According to the plea agreement obtained by Law&Crime, Johnny Roman Garza plotted with other neo-Nazis on “Operation Erste Saule,” a German term they used to refer to the news media.
“The goal, of course, is to erode the media/states air of legitimacy by showing people that they have names and addresses, and hopefully embolden others to act as well,” wrote ringleader Cameron Shea in a chat group, according to documents. (The criminal case against Shea is ongoing. Records show he pleaded not guilty.)
Participants were supposed to find journalists in their area. According to the plea agreement, Garza told the group he found a leader of an “association of black journalists” in his state.
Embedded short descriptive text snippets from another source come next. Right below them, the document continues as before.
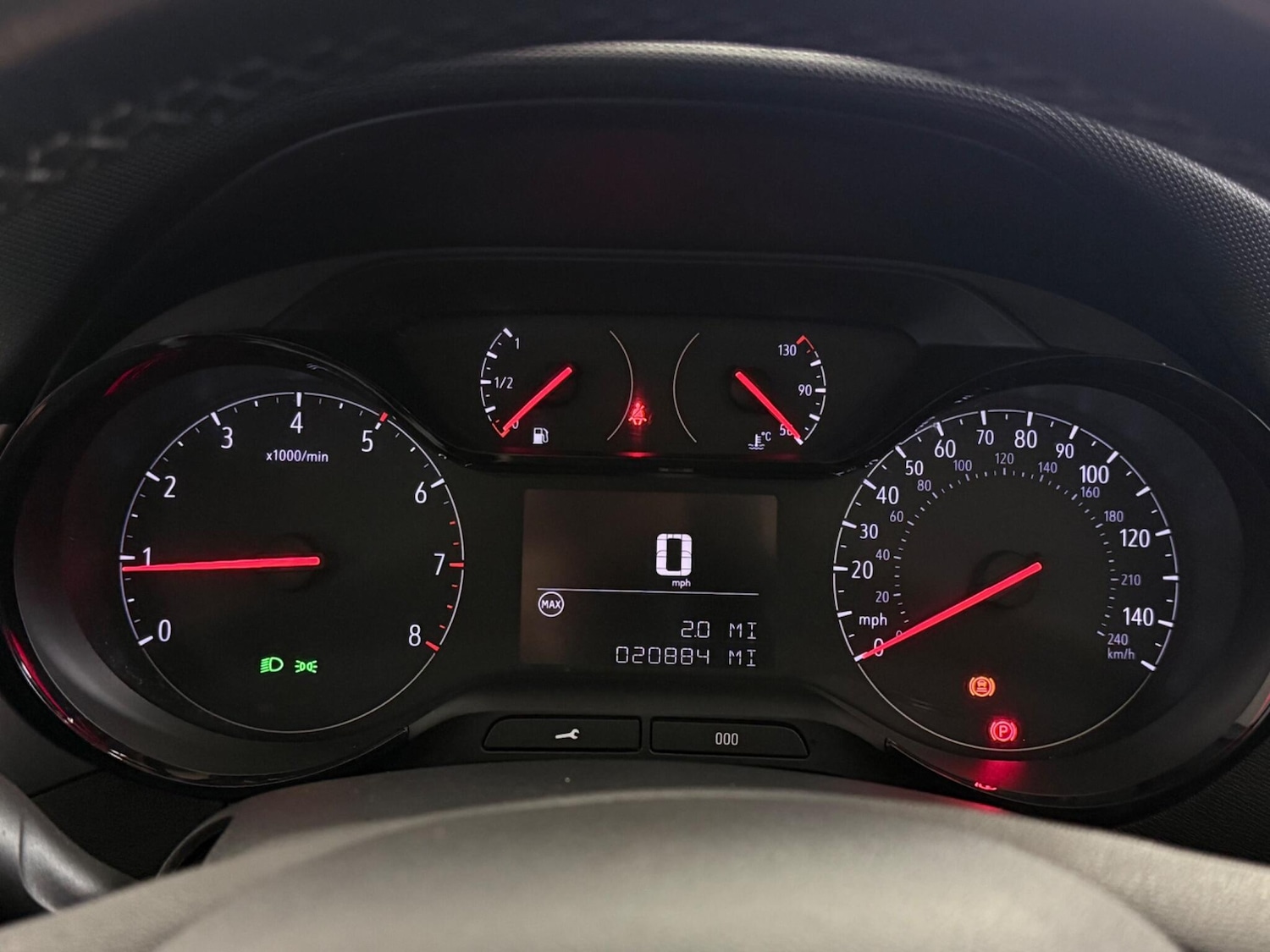 Used Vauxhall Crossland 2022 for sale - 77979746: Photo 14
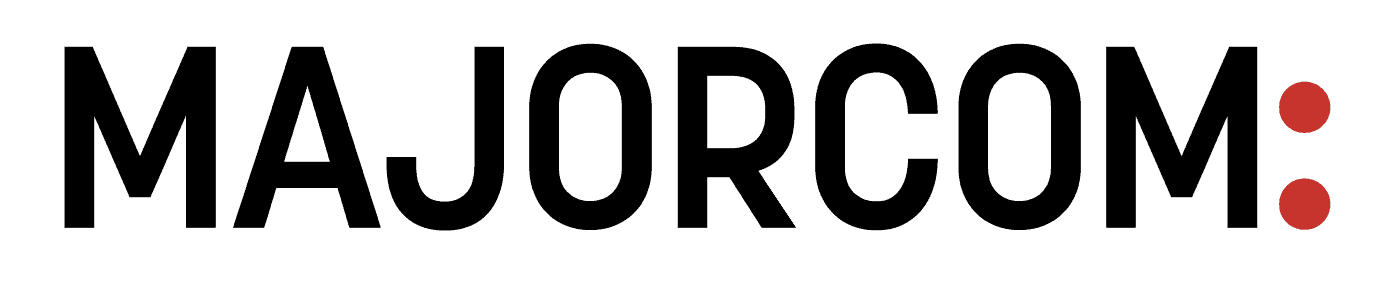 Logo Majorcom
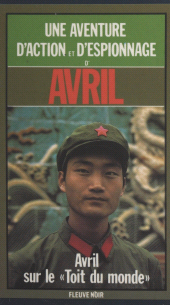 E-book, Avril sur le toit du monde, Fleuve Éditions (réédition numérique FeniXX)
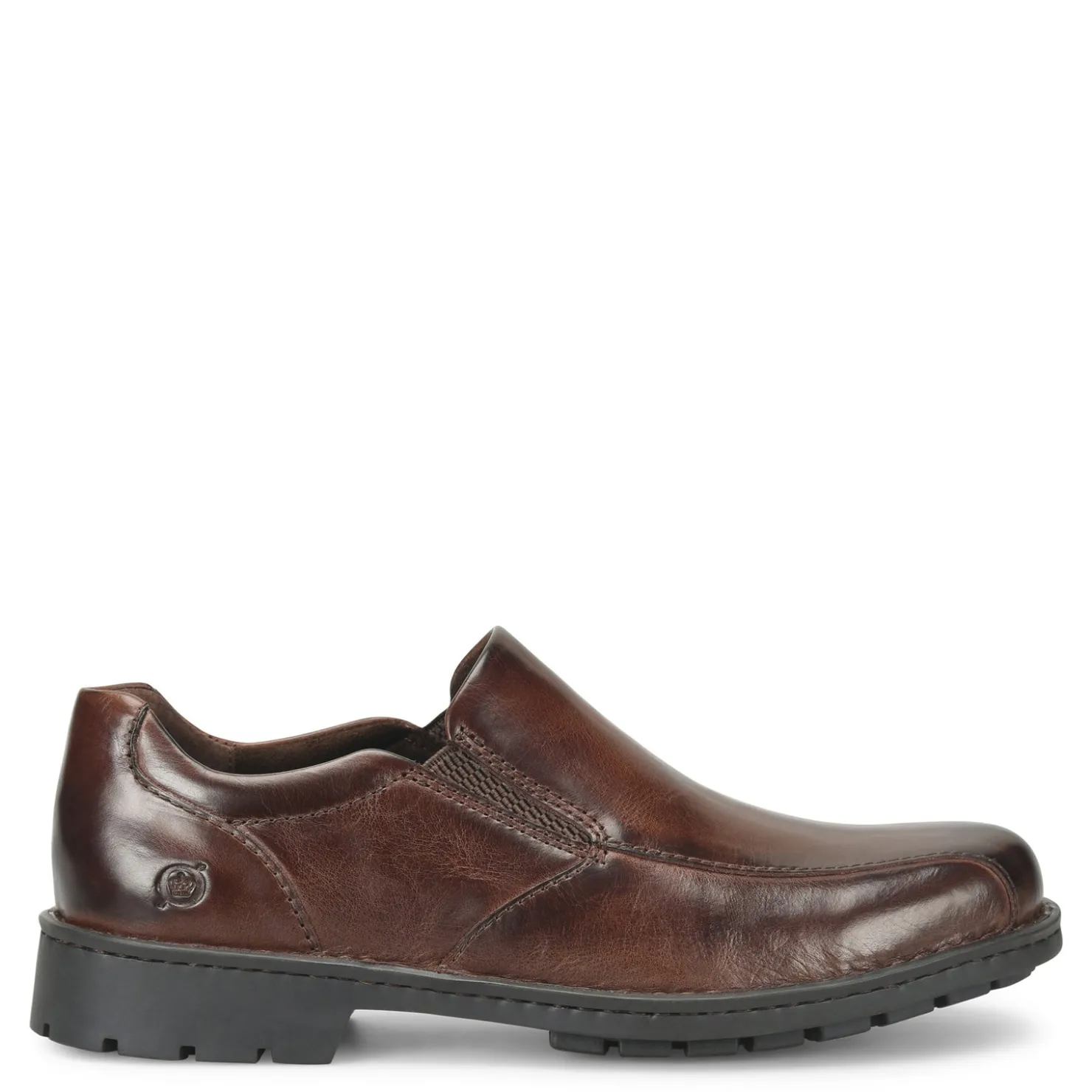 Loafers*Born Men's , Laken Loafer Bark
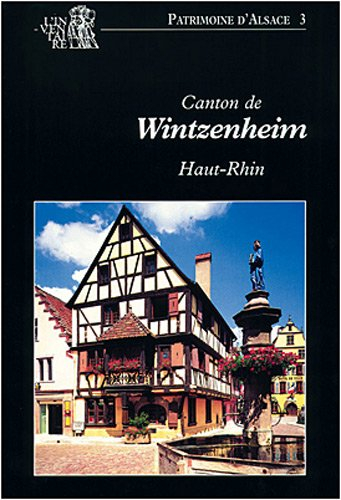 Canton de Wintzenheim (Haut-Rhin)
Posters were designed so that a target’s personal information would be written in the bottom. Messages included:
- a message featuring swastikas and stating, “Two can play at this game. These people have names and addresses.”
- “Your actions have consequences. Our patience has its limits.”
- another message featuring swastikas, this one poster stating “We are watching. We are no one. We are everyone. We know where you live. Do not fuck with us.”
Authorities said that Garza and another person went to an apartment complex in Phoenix, Arizona to target a member of the Arizona Association of Black Journalists. He could not find a good place to leave a post, so he instead went to the home of an editor of a local Jewish publication, prosecutors said. He put the posted on a bedroom window. The missive had the editor’s personal information on the bottom. Authorities said co-conspirators in the scheme either mailed or sent other posted to other victims in Washington State or Florida.
The sentencing marks another chapter in the deterioration of the Atomwaffen Division following the successful prosecution of the group’s former Texas leader. John Cameron Denton, who ran the group in the Lone Star State, pleaded guilty to conspiring to swat journalists, a university, a church, and even a former cabinet official in July of this year.
Garza also will serve three years of supervised release.